The woman died intestate in 2006, leaving behind Busi and the two children.
The trouble erupted in 2008 when her adoptive mother’s nephew broke the door and took one of the fridges. When they opened a case with the police, they found that the nephew had the title deed stating he was the rightful owner of the house.
In December, he returned and ordered all of them out, including the uncle, who had moved in with the youngsters. They also received an eviction notice giving them 14 days to move.
“In the papers, he had written that we are tenants who now don’t want to leave his house,” said Busi.
As time went on, evaluators started arriving at the house. The nephew also brought two relatives to stay at the house. Two more eviction notices and a court summons arrived.
“In court he said I had not been legally adopted, and that my mother had just been charitable towards me and had no intention of adopting me,” she said. “Hearing him say that really hurt me, but what could I do?”
Although the court ruled that the nephew was the deceased woman’s closest relative, it could not rule whether he or Busi was the rightful heir.
The Socio-Economic Rights Institute of SA, which represented Busi, applied for the matter to be heard at the high court. It argued that although Busi had not been adopted in terms of the Child Care Act, she had been adopted in terms of customary law. In terms of the Customary Law and Succession Act, it said, customary adoption practices were recognised and protected.
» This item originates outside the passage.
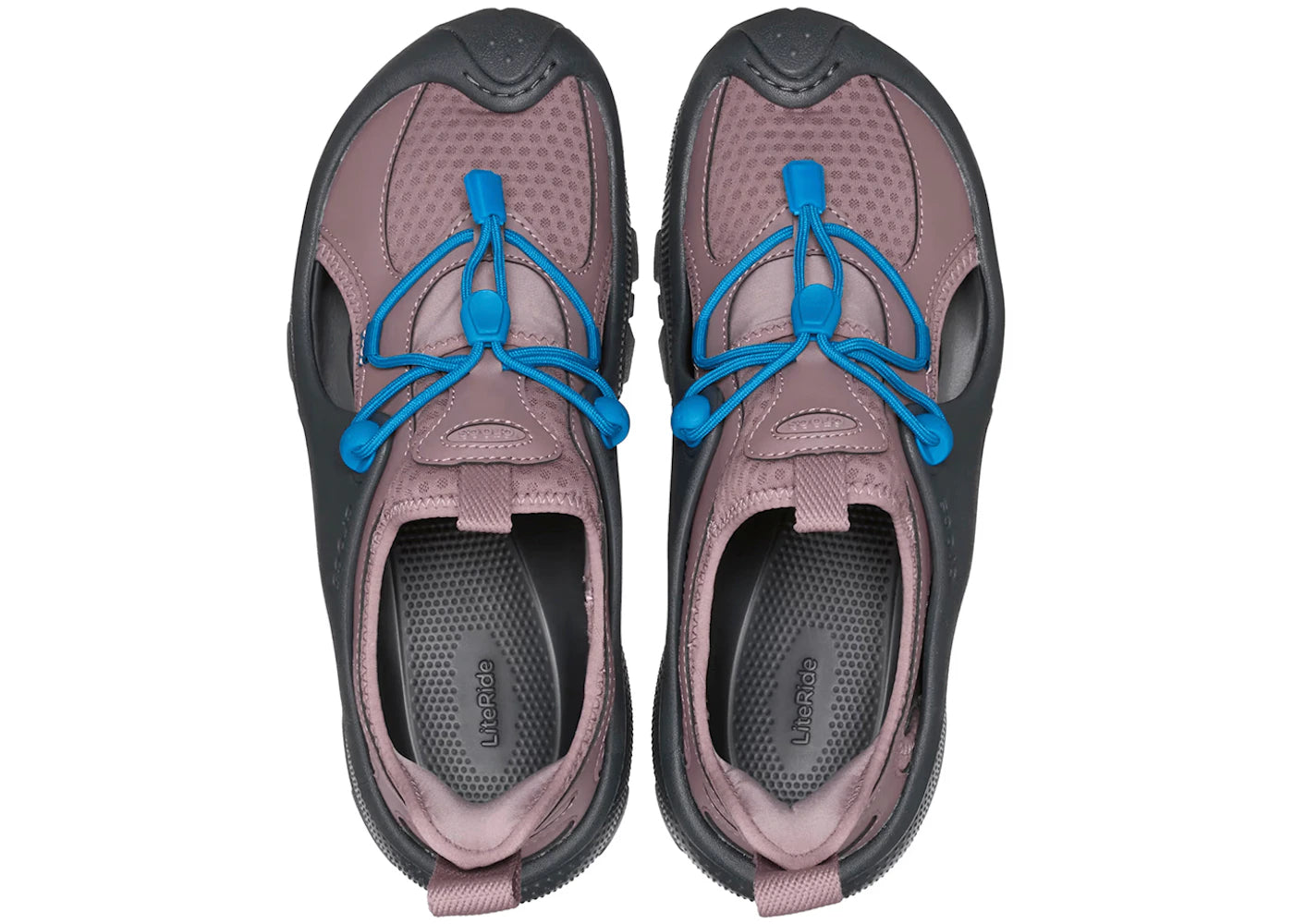 Crocs EXP Trailbreak 2 Tech Black Sand - vue secondaire B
Busi won the case and was declared the rightful heir.
Teboho Mosikili, the attorney acting for Busi, said the institute was happy about the judgment.
“Our client fully deserves to be treated as her adoptive mother’s heir, and has experienced many years of pain and insecurity after her mother’s death. We are all very happy that her claim to be recognised as her mother’s descendant has been upheld.”
Although relieved that she won’t be homeless, Busi said she hoped that the chapter was closed and that the man did not appeal.
“That is my fear, but I have learnt that you can’t even trust your own family,” she said.